95% of Brazilians believe the police are racist, study reveals
The survey also showed that 4 out of 10 respondents have already suffered some form of police violence
By Igor Rocha
The Datafavela Institute and the Central Única das Favelas (CUFA), conducted a survey, entitled “Periphery, Racism and Violence”, in partnership with the Instituto Locomotiva, released this week, and revealed that half of the people living in thge periphery said they were afraid from the police. The same study revealed that the phrase “the police are dangerous for people like me” affects 54% of black people, while for white people, 17% of the sentence makes sense. In addition, the survey also showed that only 5% of Brazilians believe that the police are not racist. On the other hand, 52% of respondents rated the police as “very racist”. Among black people, that number rises to 60%.

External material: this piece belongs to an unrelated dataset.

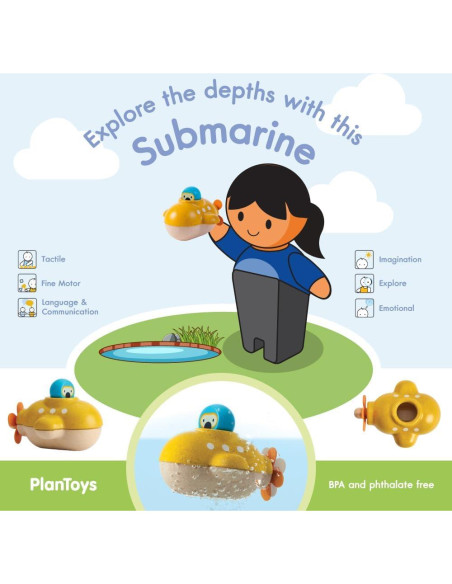 Submarino de Madera PlanToys para Baño - Juguete Educativo 12+ Meses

Police violence and periphery
Being the main targets of the police, the residents of the periphery also revealed that 4 out of 10 Brazilians have already suffered some type of violence from agents, be it disrespect, verbal and physical aggression or extortion and black men are more exposed to such approaches, even compared to low-income white men.
In addition, the survey showed that 56% of the black population (pretos/blacks and pardos/browns) already felt intimidated when interacting with police officers in routine situations. However, when only the reports of pretos are observed, the number rises to 67%.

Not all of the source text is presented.